• EXERCISE DETAILS
Output every entry exactly as written, skipping any pictures.

• INPUT
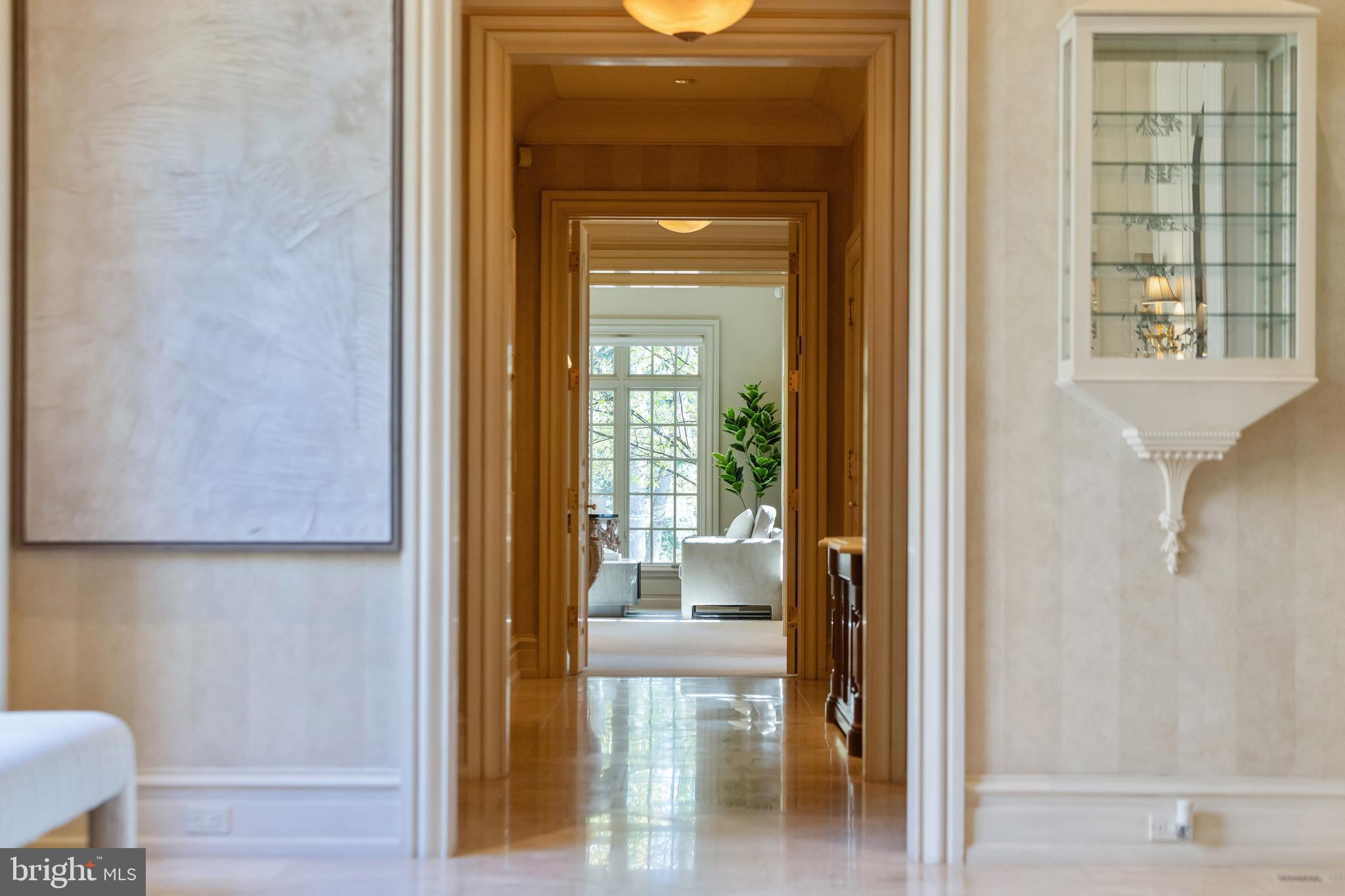 11315 John Carroll Road Owings Mills, MD 21117 - Photo 14 of 85 a view of a hallway with wooden floor and a dining room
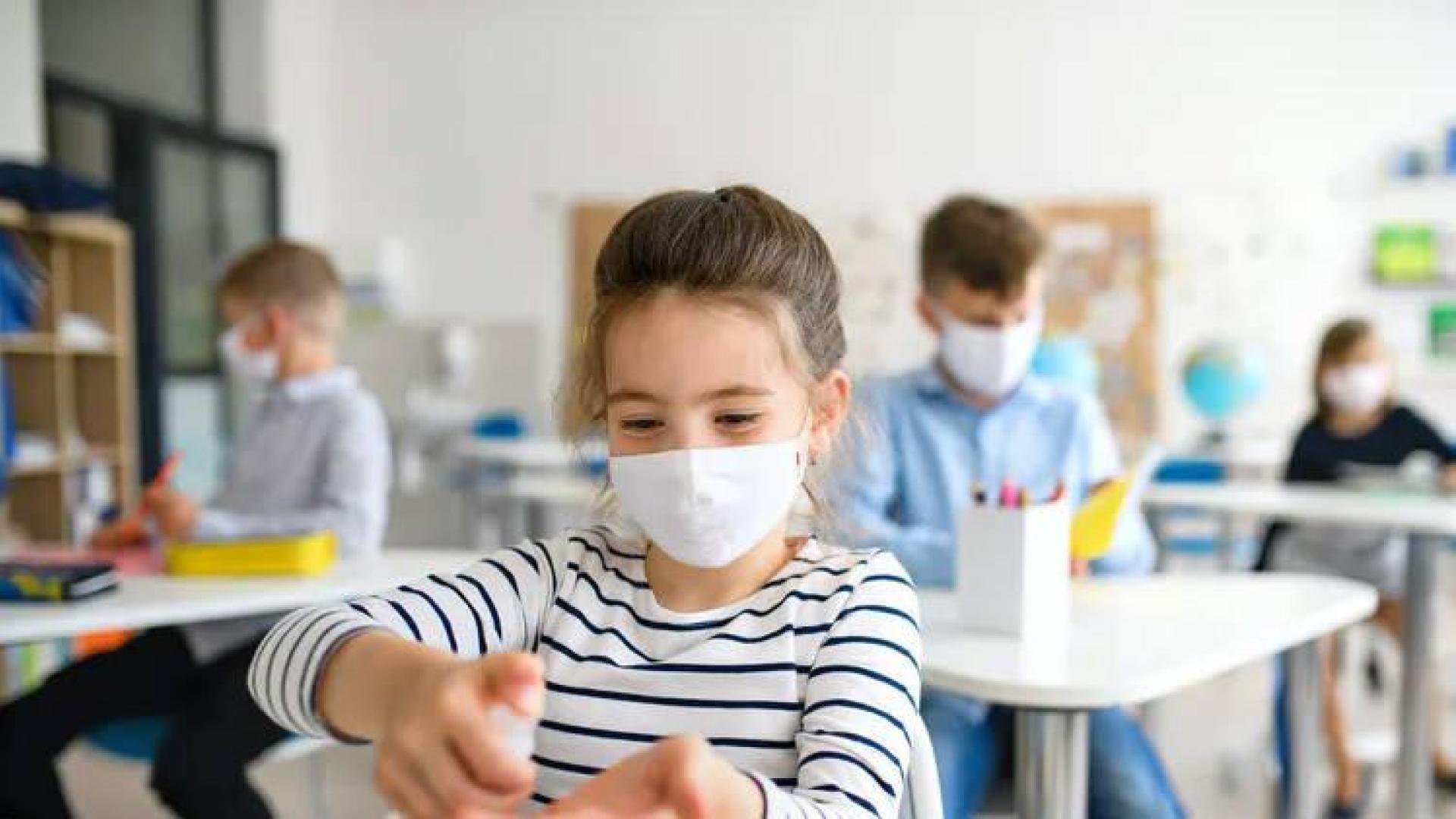 Una niña usa el gel hidroalcohólico.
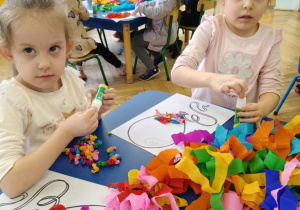 Dzieci siedzą przy stolikach, przy pomocy bibuły i kleju wyklejają baloniki.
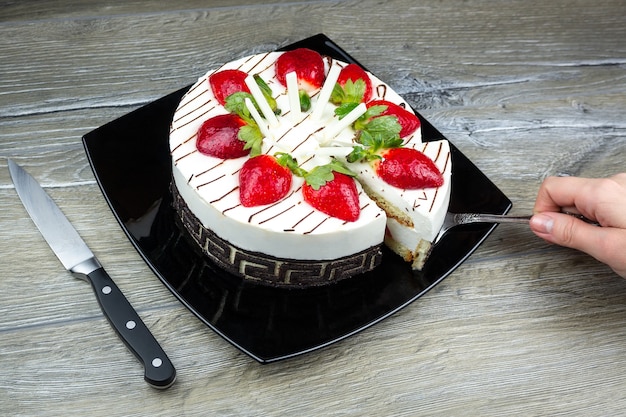 Photo gâteau aux fraises à la crème de vanille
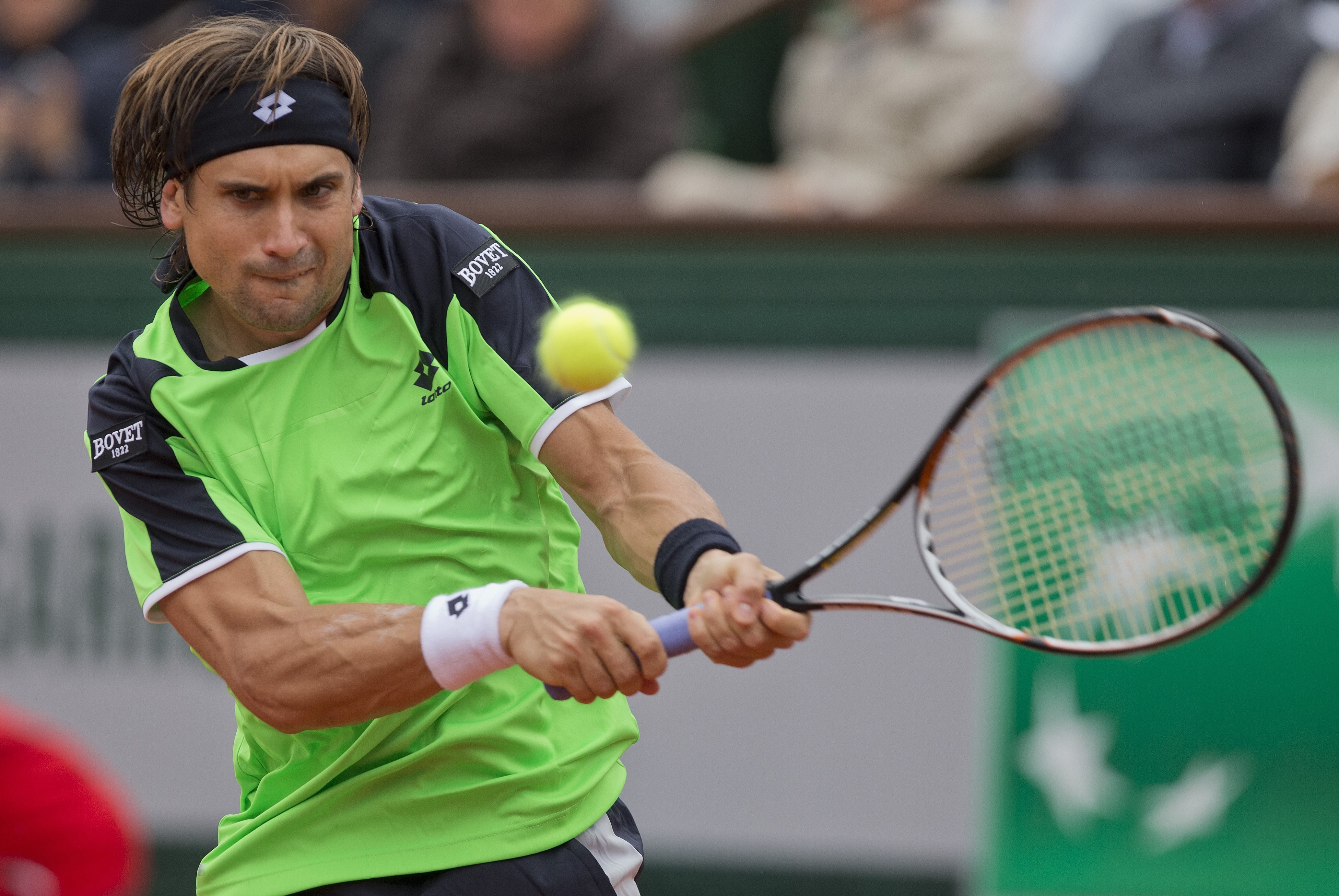 Jun 9, 2013; Paris, France; David Ferrer (ESP) during his match against Rafael Nadal (ESP) (not pictured) during the men's finals on day 15 at Roland Garros. Nadal won 6-3, 6-2, 6-3. Mandatory Credit: Susan Mullane-USA TODAY Sports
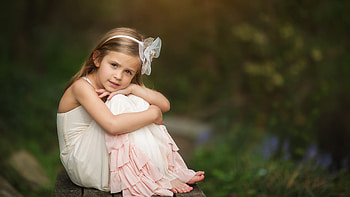 Cute Little Girl Is Sitting On Wood Bench Wearing Light Peach Color Dress In Blur Background Cute HD wallpaper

• ANSWER AREA
 11315 John Carroll Road Owings Mills, MD 21117 - Photo 14 of 85 a view of a hallway with wooden floor and a dining room
 Una niña usa el gel hidroalcohólico.
 Dzieci siedzą przy stolikach, przy pomocy bibuły i kleju wyklejają baloniki.
 Photo gâteau aux fraises à la crème de vanille
 Jun 9, 2013; Paris, France; David Ferrer (ESP) during his match against Rafael Nadal (ESP) (not pictured) during the men's finals on day 15 at Roland Garros. Nadal won 6-3, 6-2, 6-3. Mandatory Credit: Susan Mullane-USA TODAY Sports
 Cute Little Girl Is Sitting On Wood Bench Wearing Light Peach Color Dress In Blur Background Cute HD wallpaper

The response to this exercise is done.